By Jim Slotek
“You know what’s the difference between you and me?” federal agent Luke Hobbs (Dwayne “The Rock” Johnson) asks his frenemy Deckard Shaw (Jason Statham) in the deafeningly noisy action machine Fast & Furious Presents: Hobbs & Shaw.
“People like me.”
That profitable amiability is pretty much why there’s a spin-off dedicated to the guy who saved the Fast & Furious franchise on his introduction in 2011’s Fast Five. There is no other why.
But as empty of purpose and overlong as it is, Hobbs & Shaw is at least a more entertaining machine than the last F&F film (the absence of Vin Diesel’s one-note grimness is a plus right there). Director David Leitch (Deadpool 2, Atomic Blonde) brings a comic book sensibility to the fight scenes, with slow-motion punches, while the Foley mixers are tasked with (I’m guessing) crunching a forest of coconuts to replicate the sound of impacts that should kill you instead of making you mad.
(It happens I recently rewatched Mike Judge’s cult comedy Idiocracy, where the most popular show of the future was called “Ow, my balls!” At times it seemed like this is that show with a much bigger budget.)
Add to that 135 minutes of dick-joke-level insult humour between the two antagonist-allies (Hobbs threatens to stuff Shaw’s shoe, “so far up your ass, you’ll be spitting shoelaces for weeks.” Shaw provides Hobbs with fake ID with the name “Michael Cauxmal” – get it?).
And from its source material, you can add location after location with the same narrative agenda – chase, be chased, get captured for a while, escape, and finally, hunker down for a last stand.
For all that, it’s hard to hate Hobbs & Shaw, a movie that’s so self-aware of its sound and fury (signifying nothing), that when cyborg-villain Brixton Idris Elba) begins the usual monologue to his captured prey, Hobbs interjects, “Here we go, it’s the bad guy speech.” He doesn’t turn to the camera to address that line, but he could have.
Fittingly, Hobbs & Shaw opens with three separate violent scenes. A British MI6 operation in London is intercepted by a black-ops team (led by the aforementioned Brixton), who are after a secret, world-threatening virus. They kill everyone EXCEPT agent Hattie Shaw (Vanessa Kirby), who injects herself with the virus so as to carry it to safe disposal and escapes with a clock ticking on her life. Elsewhere, Hobbs is beating up Asian gangsters and Deckard is beating up a higher-end gang of criminals – both apparently seeking information on said virus.

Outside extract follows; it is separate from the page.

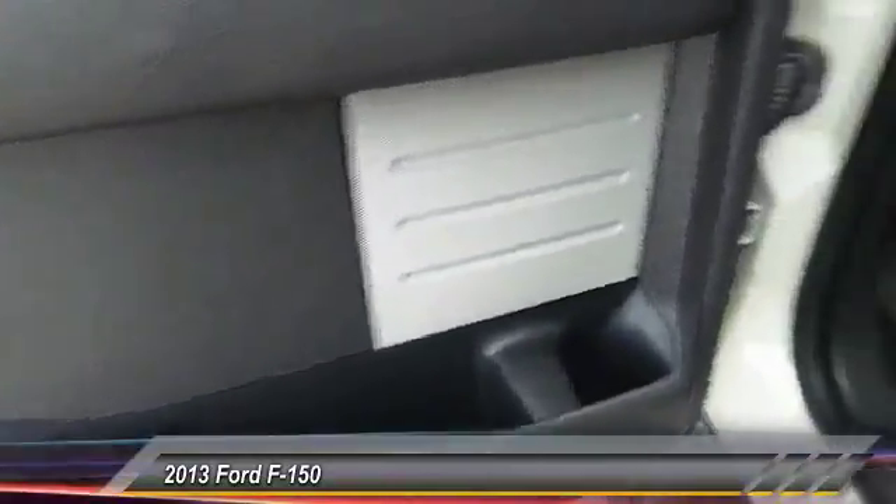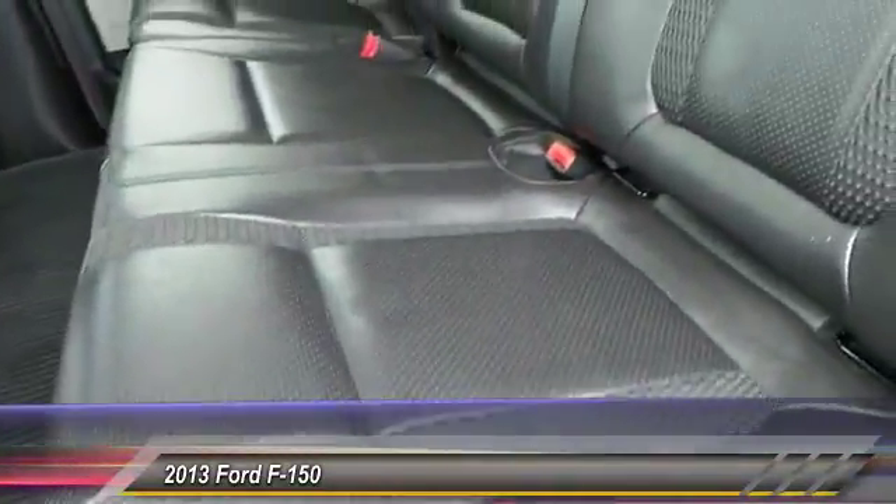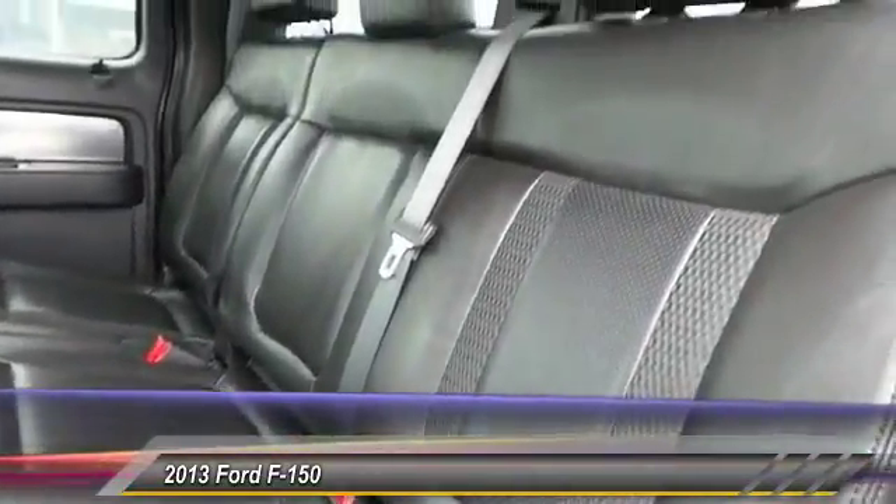A vehicle like this doesn't come along every day. Come in and get it before someone else does.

It’s a “given” that Hobbs and Shaw will be assigned to team up (it’s in the title, duh), reluctant to a furious degree, and that the kick-ass Brit agent (who is Hobbs’ estranged sister, one of many “family members” who turn up in this movie) will join them to clear her name after being framed for the viral larceny attempt. (Brixton was rendered part-machine by the AI that runs a powerful secret organization that controls the media, because of course it does).
So… London, Moscow, Ukraine and finally Samoa (a pointed and emotionally-manipulative tribute to Johnson’s own background), with the high tech bad guys in pursuit and seemingly no hope of eluding them forever. Since basically the same thing happens in every location, they could have eliminated one, saved about $30 million on the budget and had a much tighter 100-minute action flick.
Samoa is worth keeping, though. A good, angry, grimacing Haka Dance is what this franchise has needed for a long time.
Fast & Furious Presents: Hobbs & Shaw. Stars Dwayne Johnson, Jason Statham and Idris Elba. Opens wide, Friday, August 2.